◆ RECORDED DATA:
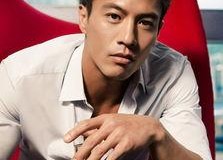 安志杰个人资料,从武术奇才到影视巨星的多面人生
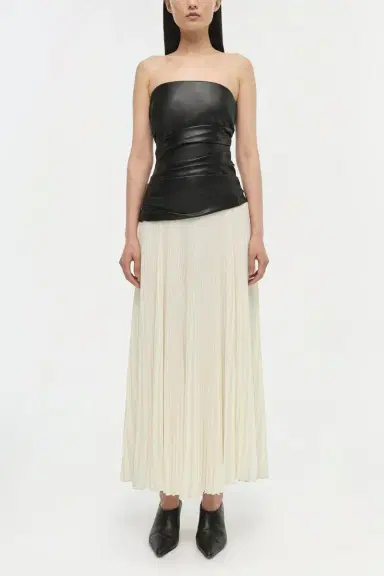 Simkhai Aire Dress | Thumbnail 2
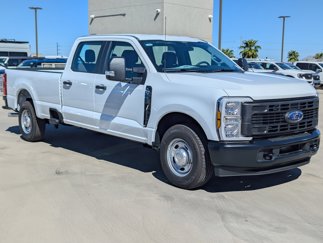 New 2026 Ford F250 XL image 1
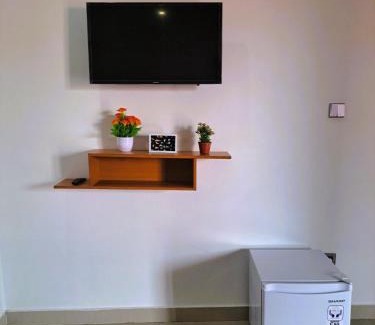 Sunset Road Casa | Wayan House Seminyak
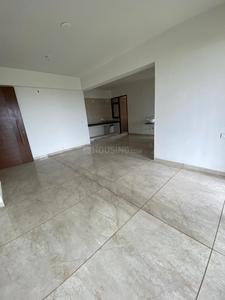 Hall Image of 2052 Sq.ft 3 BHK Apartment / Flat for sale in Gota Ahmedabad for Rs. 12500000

---

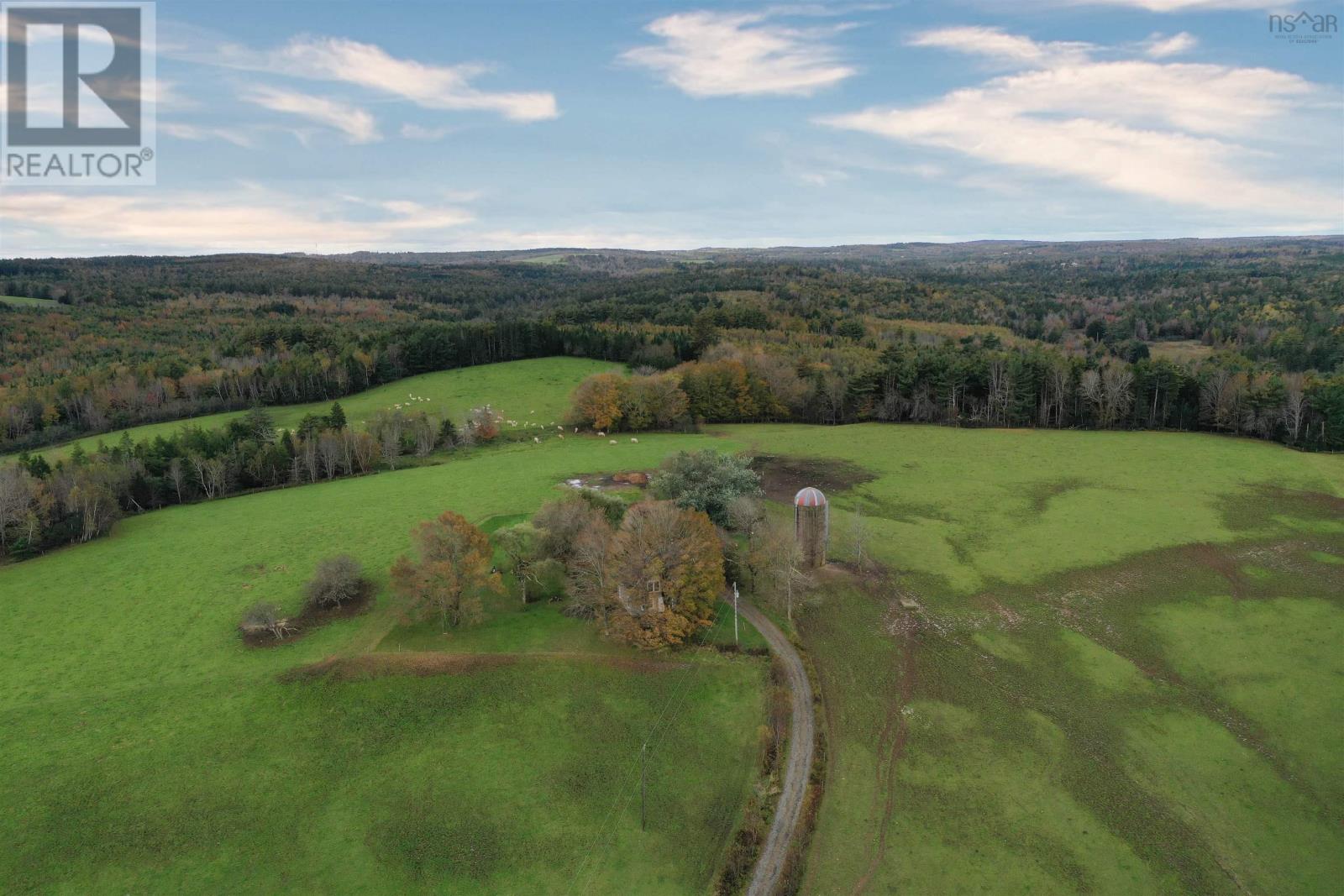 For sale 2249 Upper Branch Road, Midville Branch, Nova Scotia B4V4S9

◆ PROBLEM REQUIREMENTS: Give back exactly the lines above from the one with "Simkhai Aire Dress | Thumbnail 2" through the one with "Hall Image of", both included. Pictures don't belong in the copy.

◆ EXPECTED ANSWER:
 Simkhai Aire Dress | Thumbnail 2
 New 2026 Ford F250 XL image 1
 Sunset Road Casa | Wayan House Seminyak
 Hall Image of 2052 Sq.ft 3 BHK Apartment / Flat for sale in Gota Ahmedabad for Rs. 12500000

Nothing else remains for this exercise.